The WCC-based detection and phase association methods allow to reduce the detection threshold by almost an order of magnitude, create statistically significant event hypotheses of very weak sources, and to improve the estimates of relative and absolute location of these low-magnitude seismic events. The usage of array stations provides additional advantages to the WCC detection and estimation of azimuth and scalar slowness of valid arrivals. The primary IMS seismic network includes almost 30 arrays together with 6 arrays of the auxiliary network. The quality of the REB used in the CTBT monitoring and many civilian applications is mainly defined by the global distribution of array stations.             When applied to the IMS seismic data, the WCC processing found additional 50% to 100% of new events in the studied areas, all confirmed by IDC analysts and promoted to lebview database account of the IDC as REB-ready events.

            No events were detected by the IDC in the studied area of the May 24, 2013, Sea of Okhotsk earthquake for more than 14 months before it occurred. More than 200 events extra to the REB were found  between May 13, and the mainshock of the Sea of Okhotsk earthquake using data from the IMS seismic stations and the WCC-based methods of detection and phase association. A sudden increase in the occurrence rate of the low-magnitude events was detected on the afternoon May 19th. The absence of events found by standard detection and phase association methods is an evidence of the problem in the study of the earthquake preparation processes. The relevant events occur below the detection threshold even when they are not hidden in the surrounding seismicity. More sensitive methods are needed.

            The transition to the elevated seismicity at an ultra-low-magnitude level is likely related to the change in mechanical state of the volume of the following major earthquake as well as the change in other geophysical fields relevant to the deep earthquakes. The evolution of the numbers of these events in various magnitude ranges within the source volume may demonstrate some features, which can be related to the physical processes leading to the Okhotsk Sea earthquake. The observed pattern corresponds to the propagation of seismic activity from the lowest magnitudes and sizes to those compatible with the smallest detected aftershocks. This study is mostly focused on the solution of general methodological problems related to detection and phase association. A trial-and-error method was thoroughly used to obtain the first results demonstrating the potential of the WCC-based methods. Further studies are needed to adjust the set of defining parameters to the optimal resolution of the ultra-low-magnitude seismicity.   
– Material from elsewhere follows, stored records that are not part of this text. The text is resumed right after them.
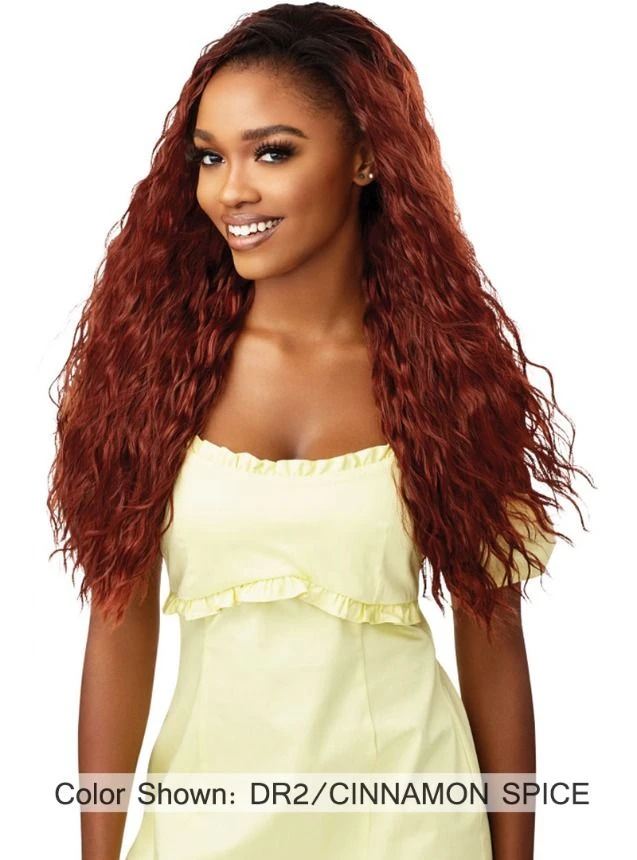 Outre Converti Cap Wet And Wavy Premium Synthetic Full Wig - LET IT RIPPLE 2 Outre Converti Cap Wet And Wavy Premium Synthetic Full Wig - LET IT RIPPLE - Image 2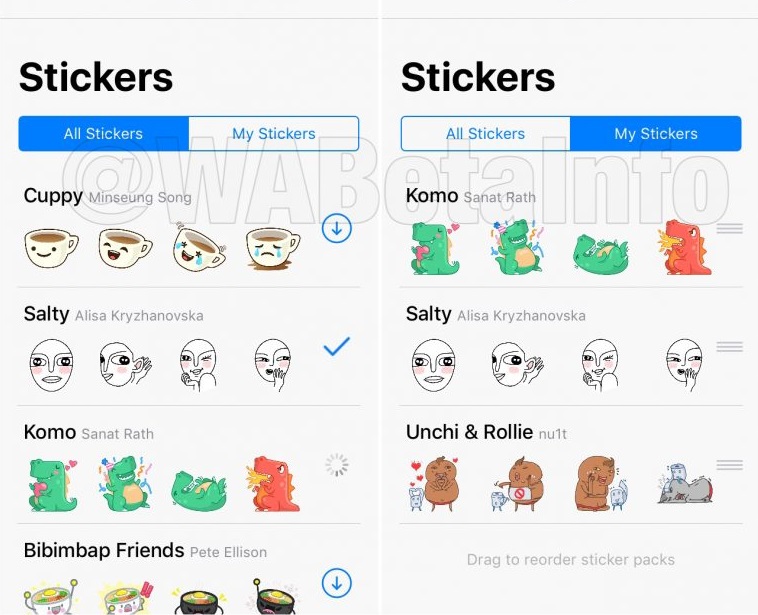 Whatsapp, ecco a voi gli Stickers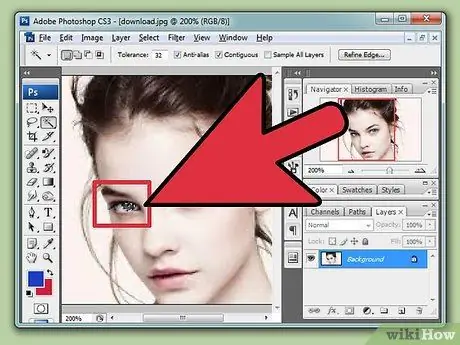 Hacer que los ojos resalten en Photoshop Paso 6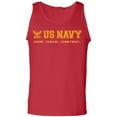 thumbnail image 1 of US Navy Honor Courage Commitment Adult Tank Top, 1 of 3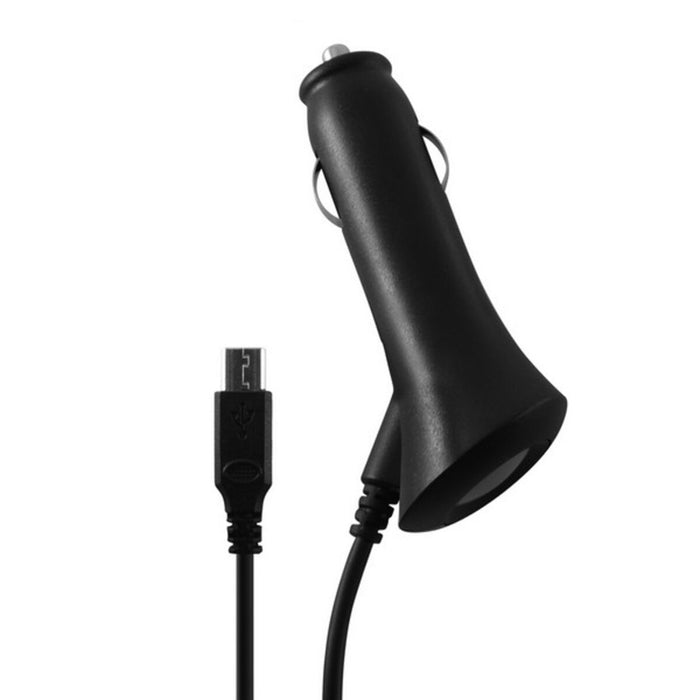 Încărcător de Mașină Contact Micro USB 1A Negru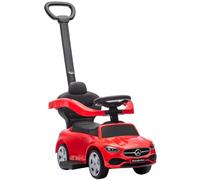 AIYAPLAY 2 in 1 Baby Ride on Push Car Toddler Sliding Car w/Storage Red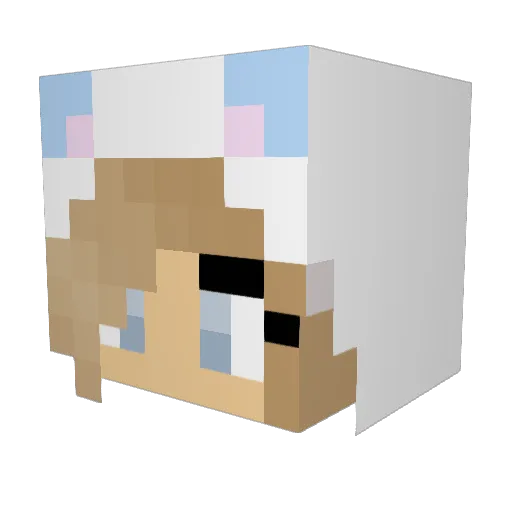 Majamus123 Minecraft avatar head, 3D render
            The final stage of the preparation started from 18 to 12 hours before the mainshock when concentration of the found events started to increase near the lower boundary of the strict LA version with the origin time tolerance of 0.25 s. This was a signal of the readiness to start. If to presume that the preparation processes before major earthquakes follow the same sequence a special attention has to be focused on the  search  for similar features of seismic activity below standard detection thresholds of global seismic networks. The study of a few major earthquakes has been started and the first results are promising.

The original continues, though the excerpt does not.